The Weekly Times again takes up the subject, and the following appears on January 9th, 1880:—“We made a second expedition, with Mr. George Smith, of Coalville, on Sunday, in search of a Gipsy encampment; and though the way was long and tedious, and we were both lamed with walking before we returned at night, yet we had not gone one step out of our way. There is no encampment of these ancient and interesting people in the neighbourhood of the hundred odd square miles which composes the site of the metropolis, with which Mr. Smith is not acquainted, and to which we verily believe he could lead a friend if he was blindfolded.
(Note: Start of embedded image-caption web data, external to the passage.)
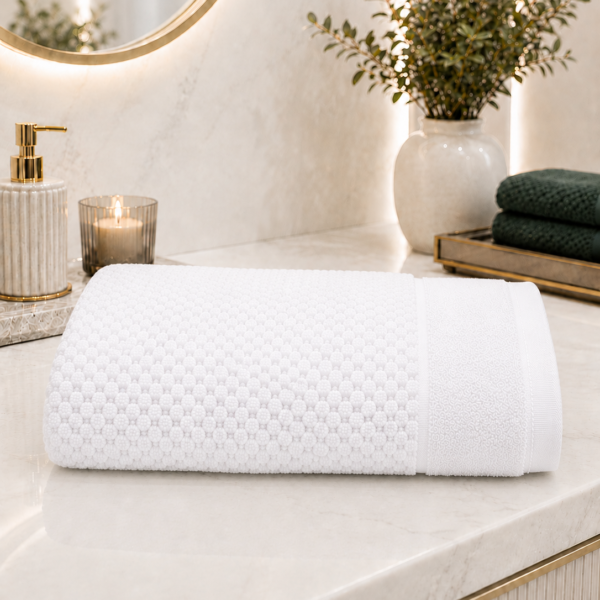 Prosop baie 70x130 cm moale, pufos și absorbant din 100% bumbac-alb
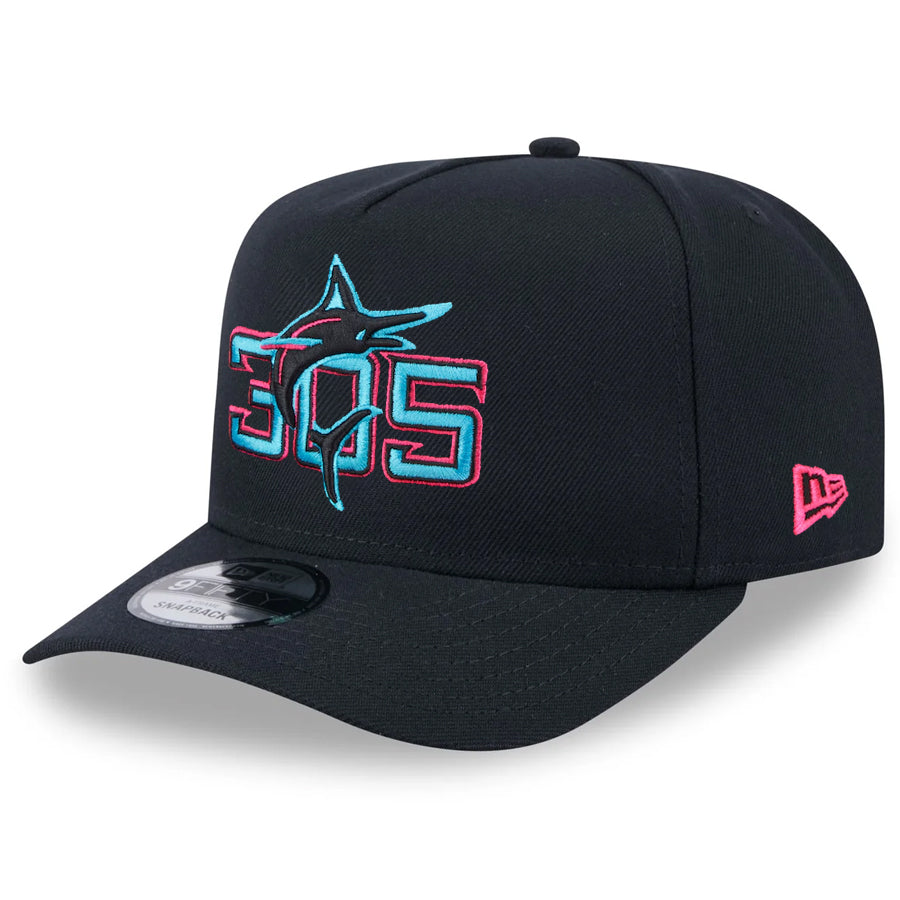 MIAMI MARLINS 2025 MLB CITY CONNECT A-FRAME 9FIFTY SNAPBACK HAT - BLACK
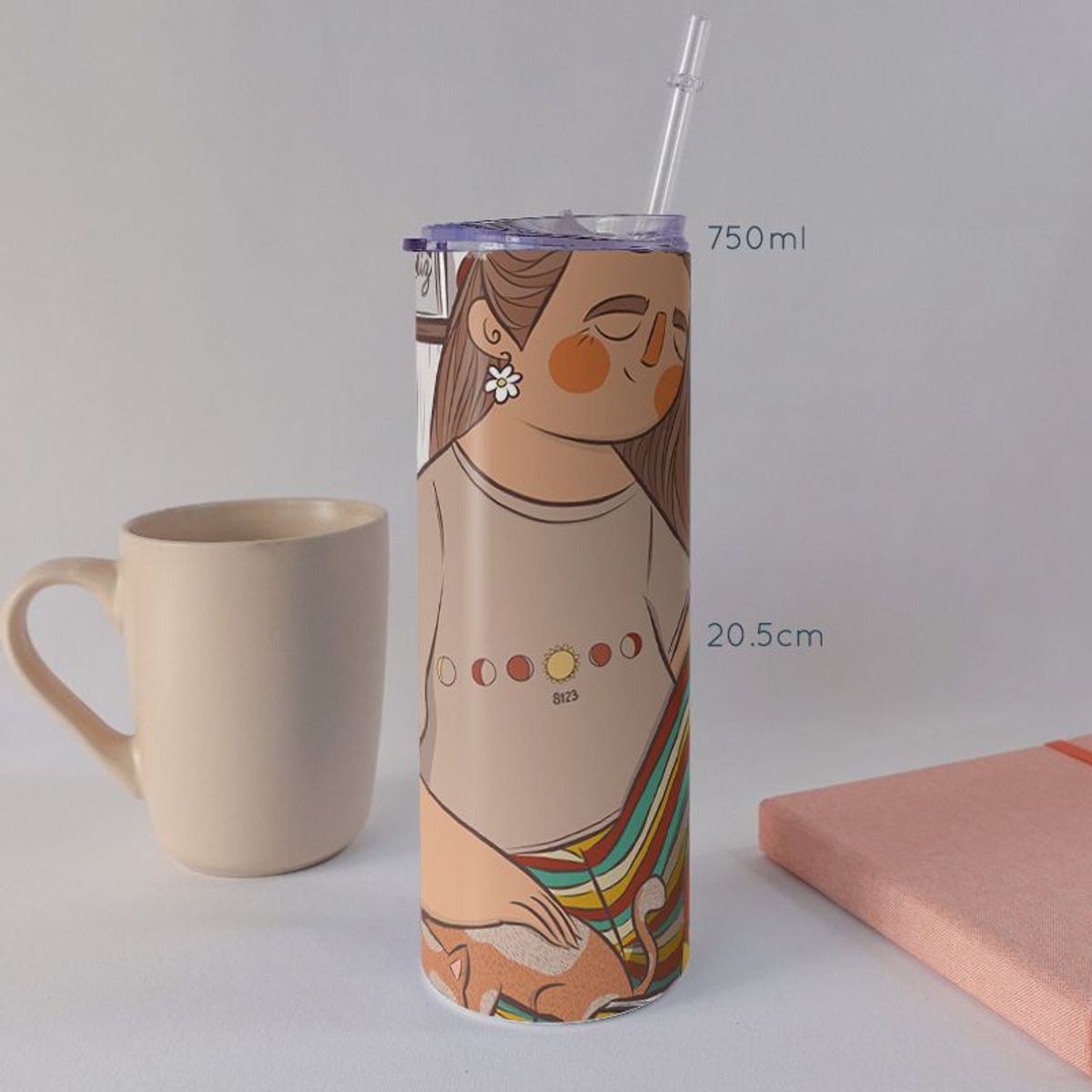 KUSTOMIT - Vaso Tomatodo Tumbler Mug Acero 750ml - Mi Tiempo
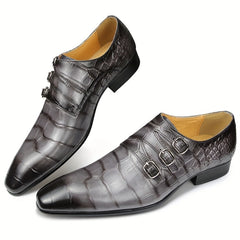 Men's Triple Monk Strap Slip On Loafers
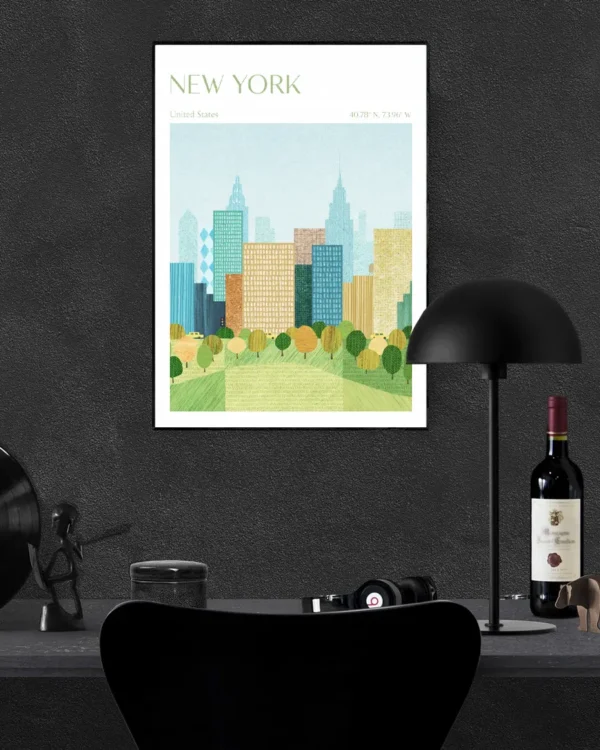 New York, Central Park - Poster - Grafisk konst - Ramexempel
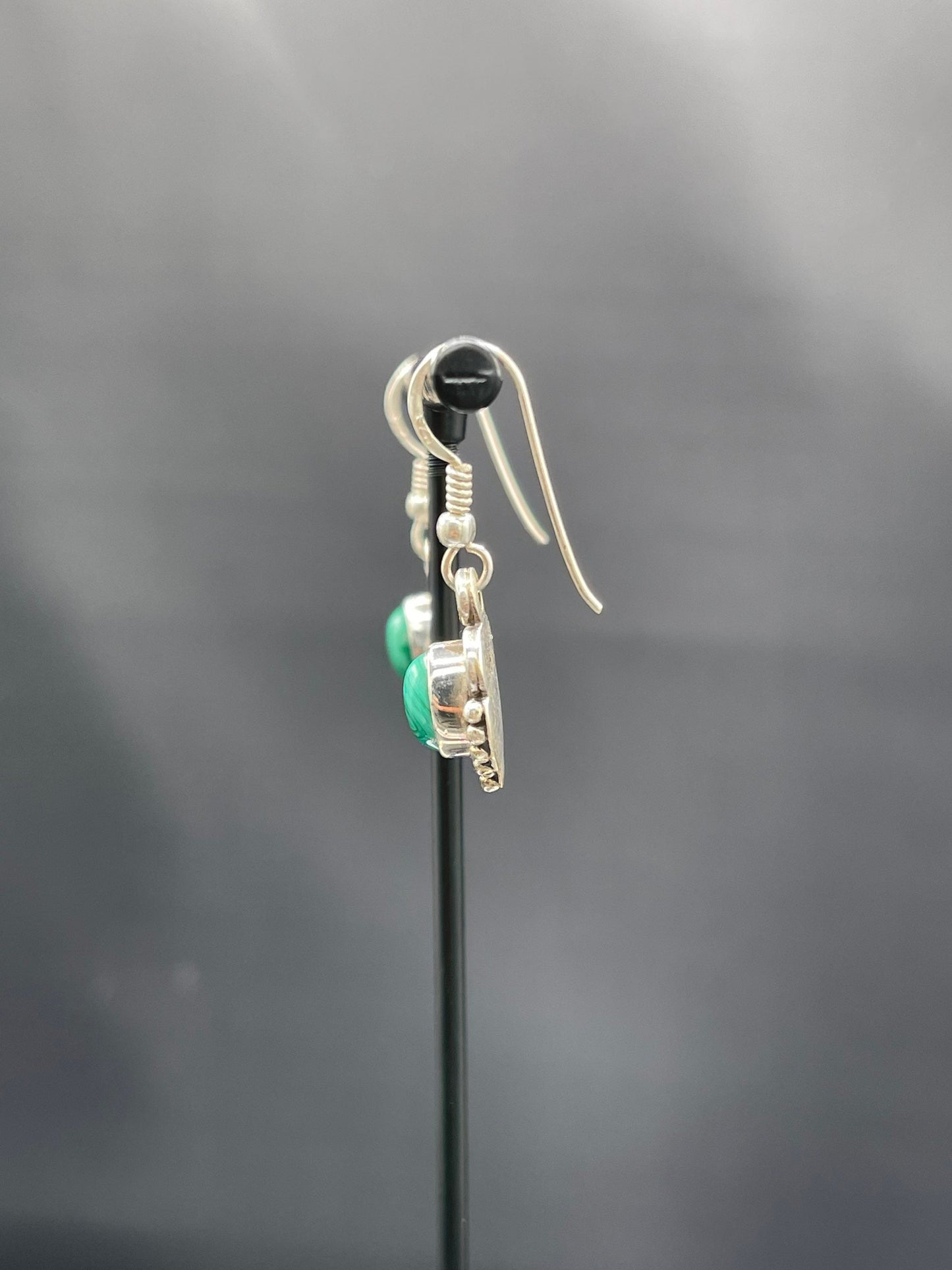 Handmade Malachite Sterling Silver Dangle Earrings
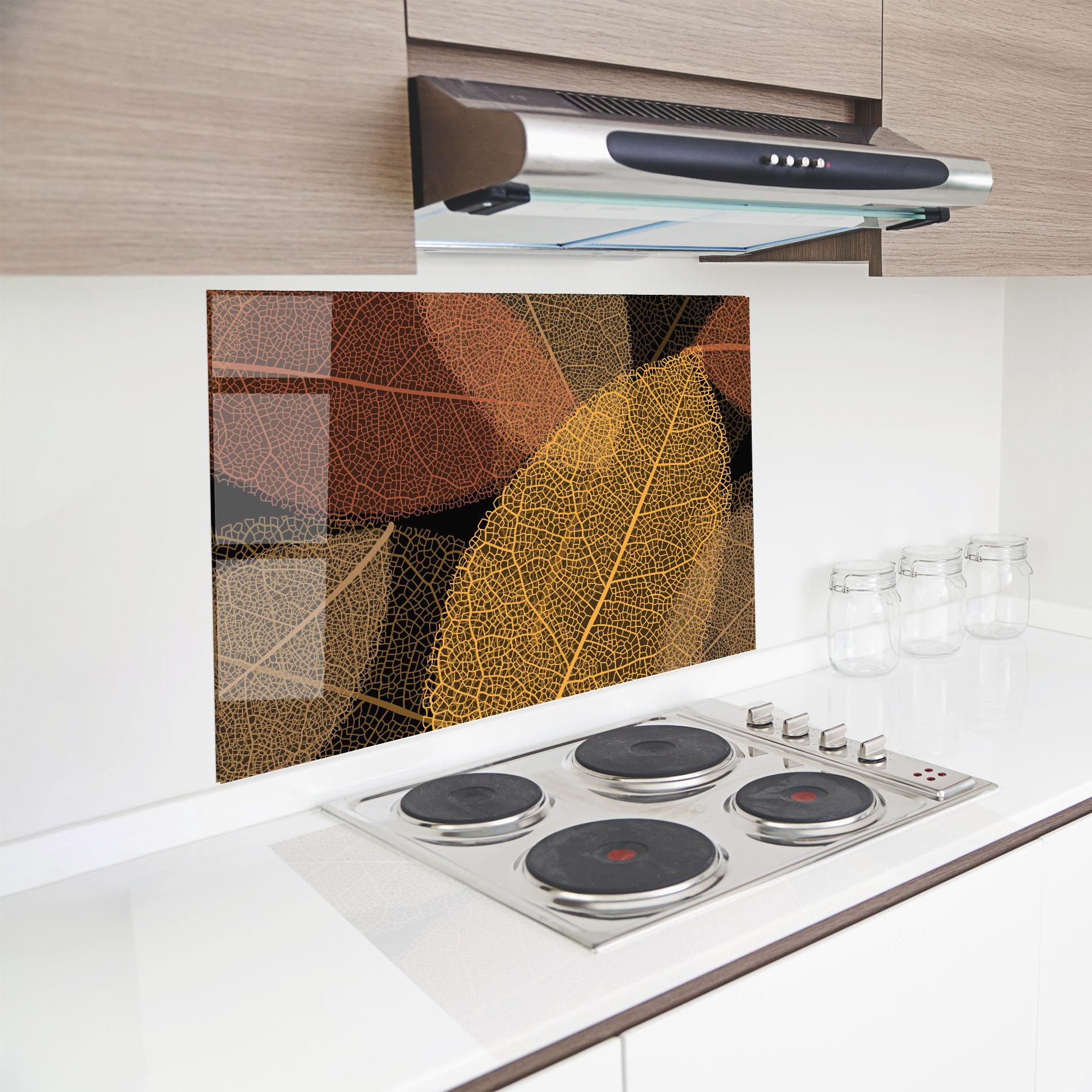 Panou Sticla Bucatarie Leaves Pattern mockup 8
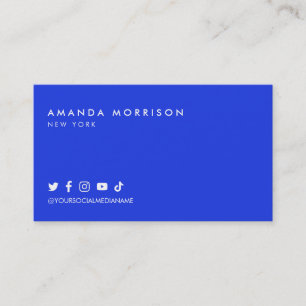 Tarjeta De Visita Mínimo Profesional Redes Sociales Azul Intenso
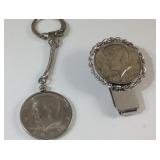 Kennedy half dollar and keychain Kennedy half dollar and keychain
The way we went must remain somewhat of a secret, because the Gipsies do not care to see many visitors on the only day of the week which is one of absolute rest to them. All that we shall disclose about the way is, that we skirted Mount Nod, and for a short distance looked upon the face of an ancient river, then up-hill we clambered for many longish miles, until we turned out of a certain lane into the encampment. There was a rude picturesqueness in the gaping of the vans and tents. In
the foreground were the vans, to the rear the cloth kraals, with their smoky coverings stretched over poles; from a hole in the centre the smoke ascended, furnishing evidence that the open brazier was burning within. The vans protected the approach to the camp, just in the same way that artillery are planted to keep the road to a military encampment. Mr. Smith’s face seemed to be well known to these strange people, and we no sooner appeared in sight than the swinging door of every van was edged with faces, and forth from the strange kraals there crept child and woman, youth and dog, to say a kindly word, or bark a welcome to the visitors. But for the Gipsies’ welcome we might have had an unpleasant reception from the dogs. They were evidently dubious as to our character, their training inclining them to bite, if they get a chance, any leg wearing black cloth, but to give the ragged-trousered visitors a fawning welcome; so they sniffed again and again, and growled, until driven away by the voices of their owners. Perchance, during the remainder of the day, they were revolving in their intelligent minds how it had come to pass that the black cloth legs were received with evident marks of favour. Nor were they able to settle the point easily, for whenever we happened to look round the encampment during the afternoon, from the raised door-way of a kraal where we happened to be couched, we noticed the eyes of one or other of the four-footed guardians fixed intently on us. There were about twenty vans and tents in all; and each paid one shilling a week to the ground landlord. That money, with whatever else was required for food, was obtained by hawking at this season of the year, and trade was very bad. Winter must be a fearful experience for these children of the air, and the field, the summer sun, the wild flowers, and the fruits of harvest. Such rains as have descended, such snows as have been falling, such cold winds as have been blowing, must discount fearfully the joys of the three happier seasons of the year.